Micro-Scale Patterns of Organic Matter Decomposition and Storage Within a Buried Paleosol

Buried soils can contain substantial carbon (C) stocks, and this C is often considered stable and removed from active carbon cycling. However, C in buried soils can be sensitive to change, especially if landscape changes expose buried soils to increased inputs of fresh organic matter (OM) or alters conditions for microbial decomposition. This study investigates C composition and cycling in the Brady paleosol from Nebraska, USA, which was buried by loess deposition during the early Holocene. Samples were collected along an erosional gradient of Brady soil at four different depths representing four different levels of exposure to the modern soil surface. We used ¹³C NMR to determine carbon compound chemistry in two OM fractions isolated using an electrostatic separation method. We also used high-resolution secondary ion mass spectroscopy (NanoSIMS) following a 30-day incubation study with enriched ¹³C litter to investigate micro-scale spatial patterns of transformation and storage of fresh plant OM across the exposure gradient. The NMR results showed that OM composition differed by fraction, and also with depth. The alkyl:O/N-alkyl ratio was greater in the <53 mm mineral and aggregate fraction than in the particulate OM fraction. The alkyl:O/N-alkyl ratio increased in both fractions with depth, indicating a greater degree of decomposition in the more deeply-buried soils. This could indicate a lower proportion of residual ancient organic matter and increased incorporation of recent organic matter inputs in the more exposed soils.

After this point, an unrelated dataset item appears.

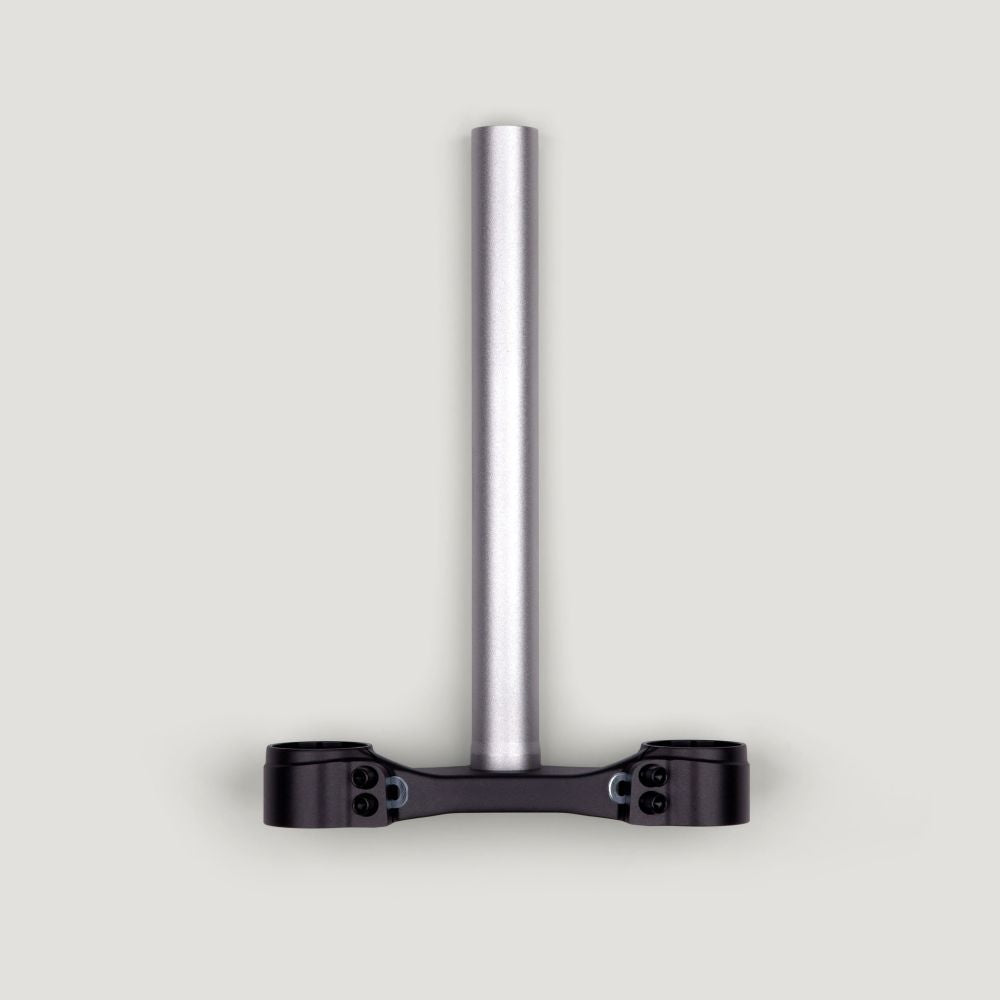 Service Set: 2021, 40, Lower Crown-Steerer, 22mm OS, 56 Rake Marzocchi Bomber 58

Following the incubation experiment, we found evidence that unicellular microbes directly incorporated enriched OM, and that fungal hyphae incorporated only small amounts of enriched OM. Enriched material was found associated with both clay-sized particles and microaggregate structures after 30 days of incubation. These results show that there are microbial communities capable of decomposing fresh litter in these paleosol, and that there are differences in OM decomposition given the degree of exposure to the modern soil surface. A better understanding of differences in OM cycling within a buried soil will help us improve predictions of buried soil C stability and susceptibility to future global change.